- **Problem**
When you reach the line that contains "[keqingdef]:1.5,((masterpiece,highest quality,Highly detailed", begin copying exactly, and continue through the last line of the data; no pictures belong in the copy.

- **Data records**
★ ★ ★ ★ ★ ★ ★
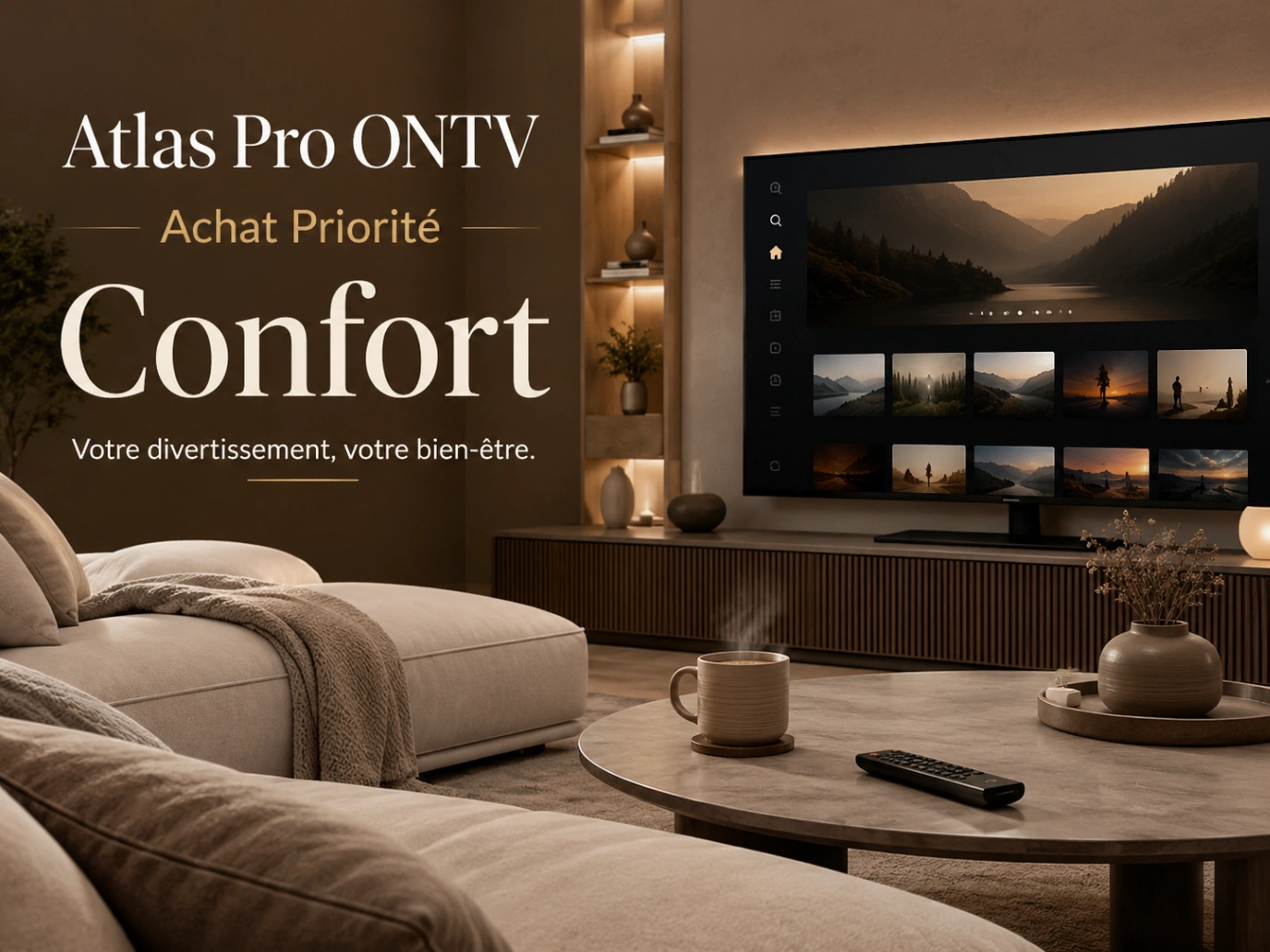 Atlas Pro ONTV Achat Priorité Confort dans un salon cosy premium.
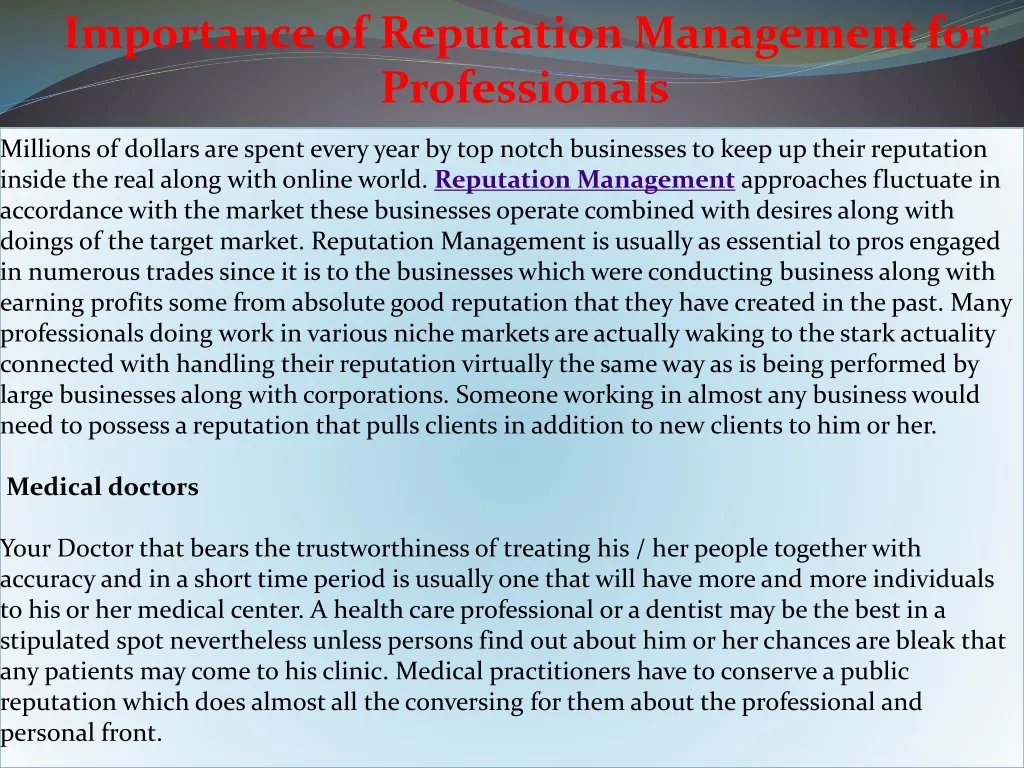 importance of reputation management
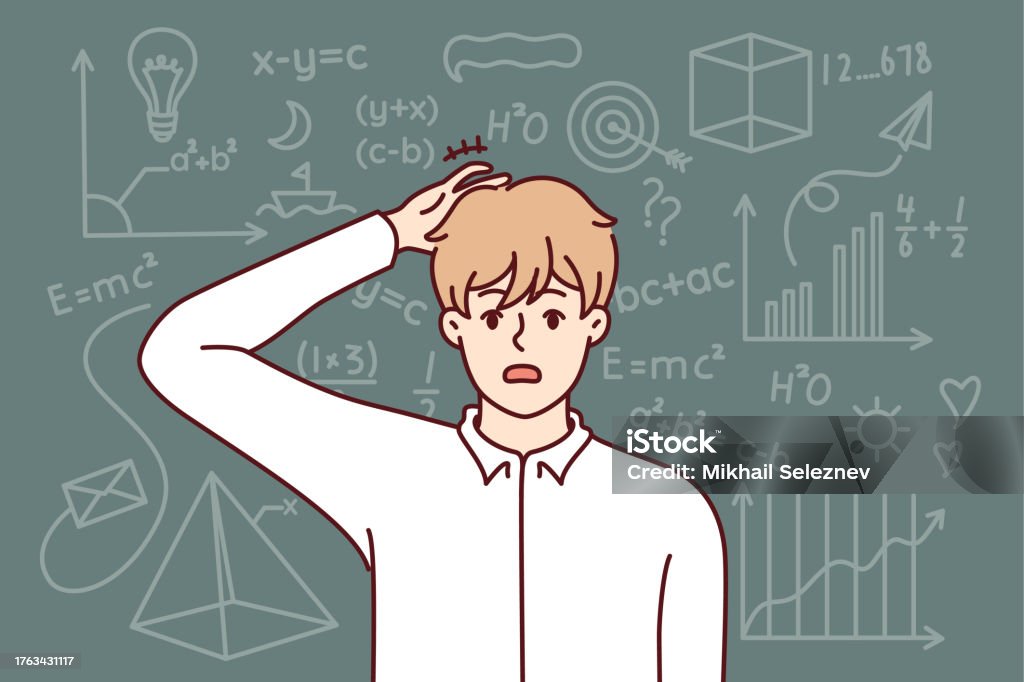 Me Fail Math Embarrassed Guy Student Studying Mathematics Scratching Back Head ...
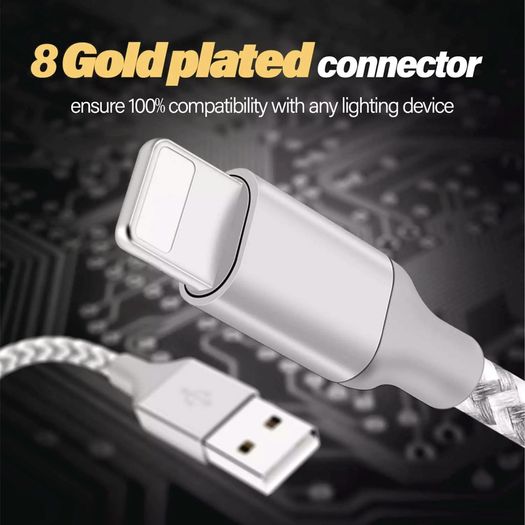 1M/2M/3M USB Lightning Cable For iPhone 7 8 12 13 X 11 Pro Long Charger Charging Fast Lead 1m 2m 3M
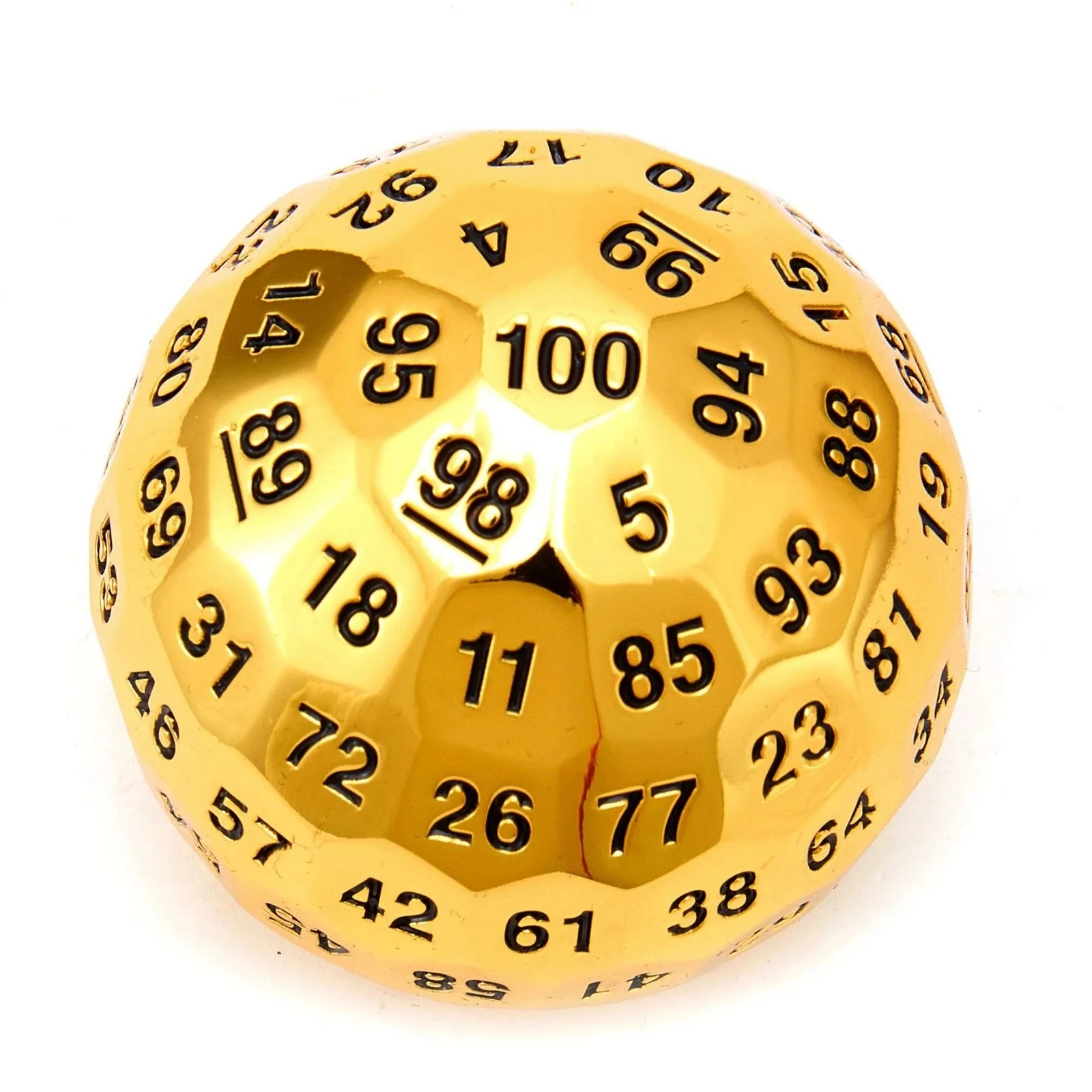 Titans Fist Shiny Gold Metal D100 Dice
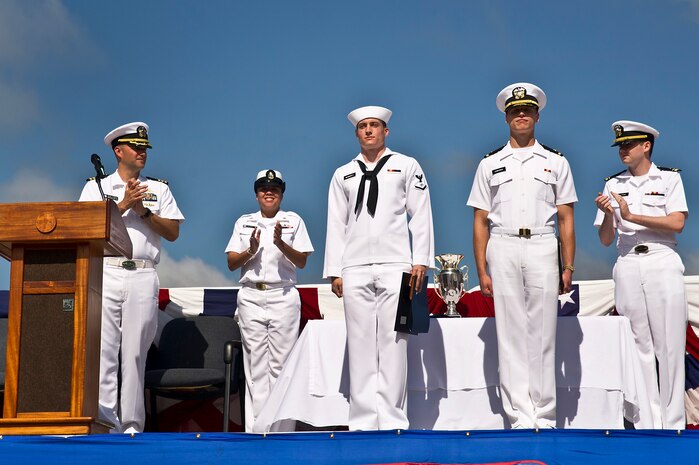 U.S. Navy Petty Officer 3rd Class Ryan McGrorty received the Class Honorman award and Ensign Stephen Edwards received the Vice-Adm. Behrens award for Class 1201 during the Naval Nuclear Power Training Command graduation ceremony at Joint Base Charleston - Weapons Station, S.C., May 25, 2012. The Class Honorman award is given to the sailor with the highest grade point average, while the Behrens award is given to the officer with the highest GPA. (U.S. Air Force photo/Airman 1st Class George Goslin/Released)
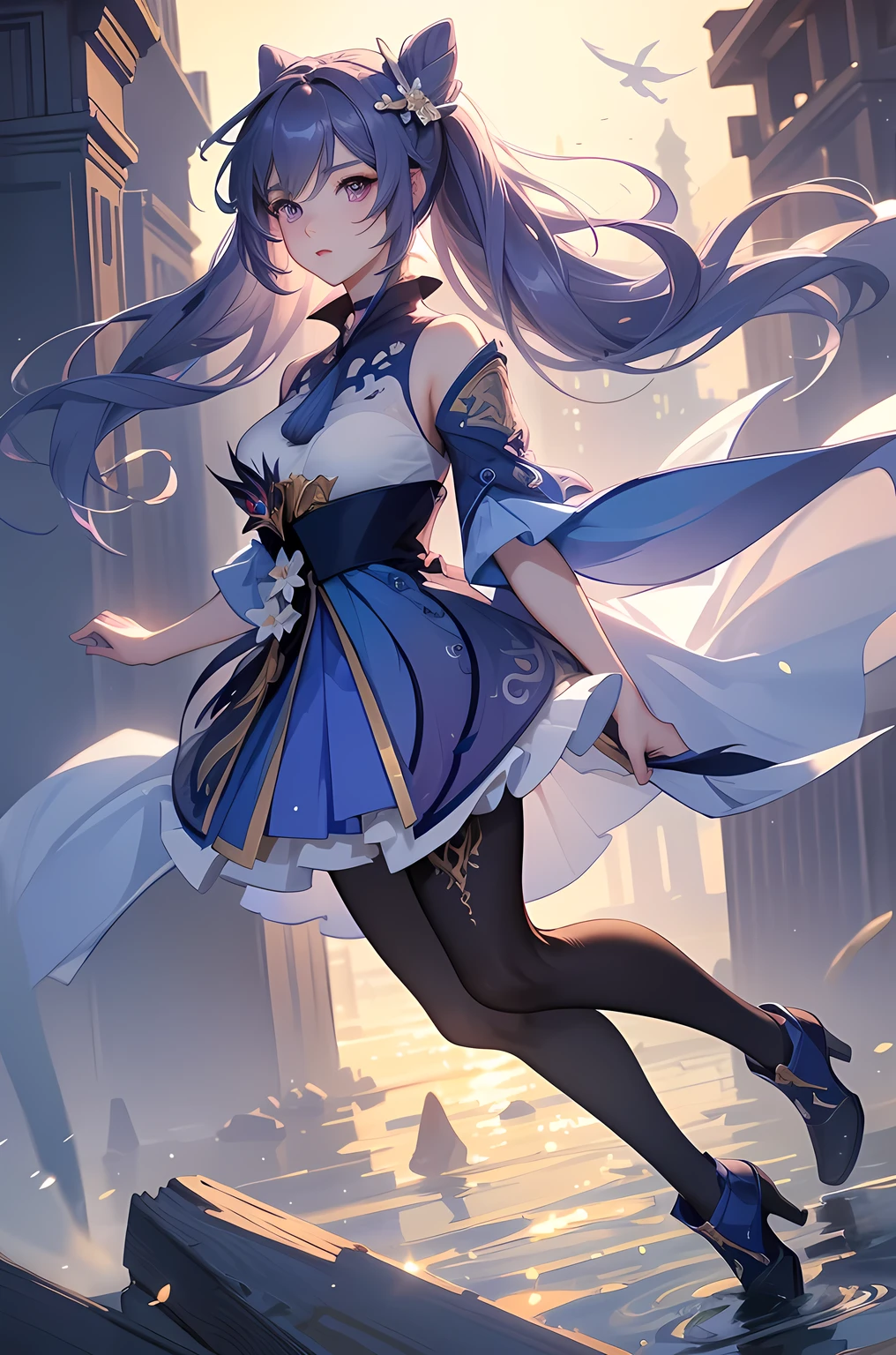 [keqingdef]:1.5,((masterpiece,highest quality,Highly detailed images,Beautiful images))1.4(keqing images、Cities with waterways、Beautiful waterways、The wind is blowing、Overall dim lighting、Backlight、A fantastic atmosphere、Thick Fog、Dust flutters)1.3,(Full body image)1.1
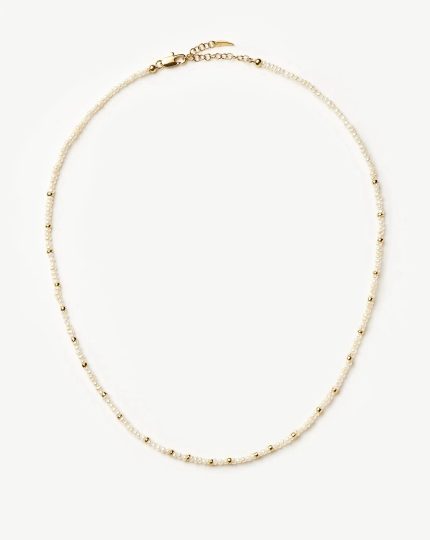 Micro Pearl Beaded Necklace | 18ct Gold Plated/Pearl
★ ★ ★ ★ ★ ★ ★
- **Result**
 [keqingdef]:1.5,((masterpiece,highest quality,Highly detailed images,Beautiful images))1.4(keqing images、Cities with waterways、Beautiful waterways、The wind is blowing、Overall dim lighting、Backlight、A fantastic atmosphere、Thick Fog、Dust flutters)1.3,(Full body image)1.1
 Micro Pearl Beaded Necklace | 18ct Gold Plated/Pearl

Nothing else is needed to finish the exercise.